What does it mean when an unqualified legal opinion has been given on an issue?

No aspect of the issue could prevent its interest from being tax-exempt. The term "unqualified legal opinion" does not mean that a bond counsel is not qualified to give the opinion. It also has nothing to do with the tax code or the issue not being qualified for issue. A nonqualified legal opinion is given when the bond counsel believes that no aspect of the issue could prevent its interest from being tax-exempt. A qualified legal opinion given by a bond counsel indicates that some aspect of the issue may render the bond interest nonexempt from taxes.

The lead underwriter is entering a stabilizing bid for a new issue with a public offering price of $18. Which of the following will probably be the stabilizing bid?

$18. Stabilization takes place during the offering period. It is when the syndicate manager quotes a bid in the event any recent purchasers of the issue would like to liquidate their purchase. A stabilizing bid is always entered at or just below the public offering price. For the test, always select the public offering price if it is an available selection. In this case, the stabilizing bid is $18.

The lead underwriter is going to enter a stabilizing bid for a new issue with a public offering price of $26. Which of the following will probably be the stabilizing bid?
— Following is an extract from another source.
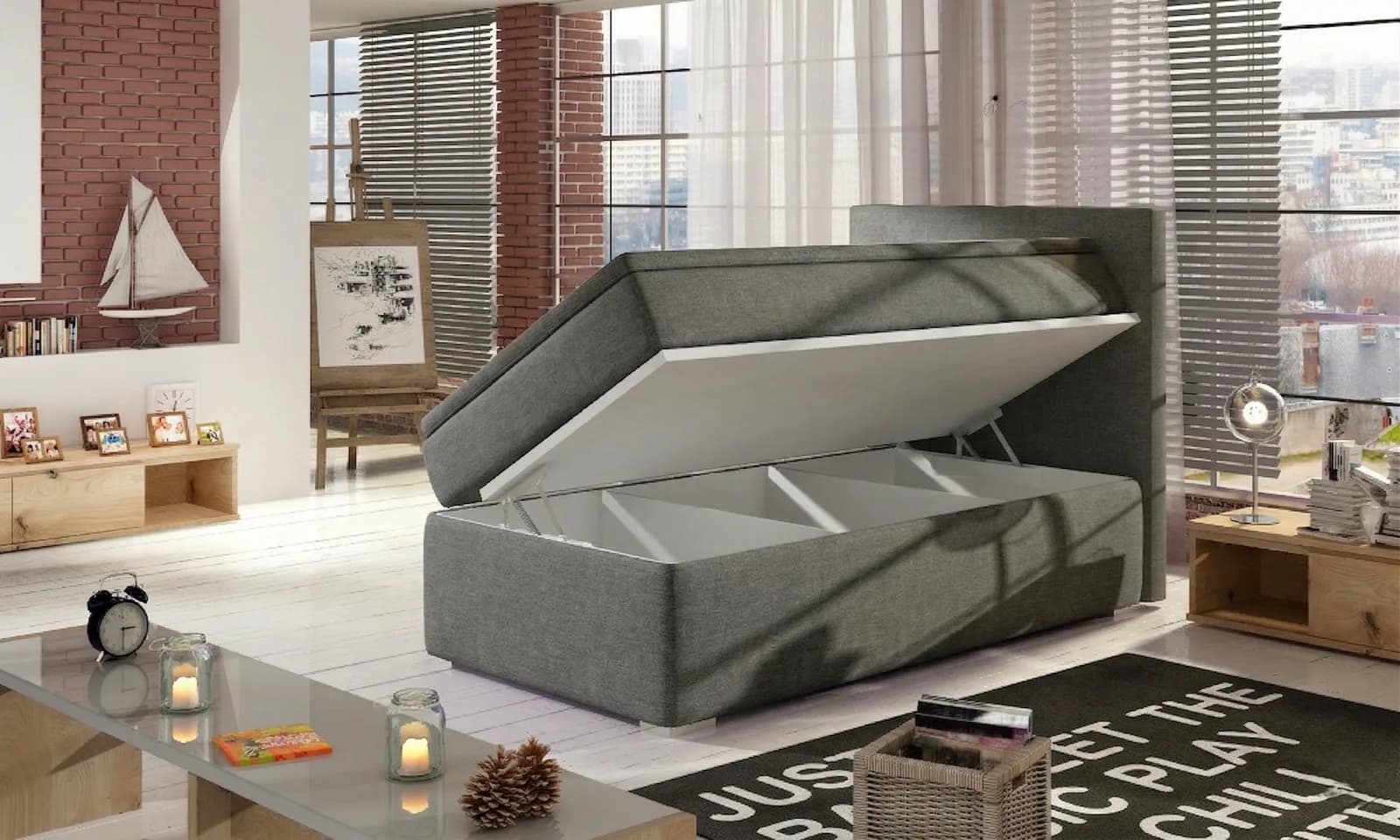Pat BoxSpring Rocco 90x200 din lemn masiv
$26. Stabilization takes place during the offering period. It is when the syndicate manager quotes a bid in the event that any recent purchasers of the issue want to liquidate their purchase. A stabilizing bid is always entered at or just below the public offering price. For the test, always select the public offering price if it is an available selection. In this case, the stabilizing bid is $26.

A dealer is a member of a syndicate that is underwriting a $10 million municipal bond issue on a Western account basis. The dealer had agreed to sell $1 million worth of the issue, but thus far has only sold $700,000. $3.5 million of bonds remain unsold after two weeks of sales. The dealer still has selling responsibility for:

$3.5 million. This question is asking for selling responsibility, which is the remaining amount of the issue that must be sold. The selling responsibility remains the same, regardless of whether the underwriting agreement is an Eastern or a Western account. In both types of accounts, the selling responsibility is the remaining amount of the issue that must be sold.
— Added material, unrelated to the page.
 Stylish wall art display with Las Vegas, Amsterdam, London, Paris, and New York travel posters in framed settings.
A dealer is a member of a syndicate that is underwriting a $5 million municipal bond issue on a Western account basis. The dealer had agreed to sell $500,000, but thus far has only sold $200,000. $1.2 million of bonds remain unsold. If this situation were to remain unchanged until the close of the offering, the dealer will have a liability of:

$300,000. Remember -- in a Western account, there is undivided selling responsibility but divided liability. This question is asking about liability. With divided liability, if the entire issue is not sold, each syndicate member that sold all of the issue it committed to sell will not be liable for the unsold part of the issue (as in the Eastern account method). However, each syndicate member that does not sell the amount it committed to sell is liable for any of its unsold portion. In this case, the dealer has agreed to sell $500,000 worth of the issue, but has only sold $200,000 at the close of the offering. Therefore, the dealer will have a remaining liability of $300,000 worth of the issue.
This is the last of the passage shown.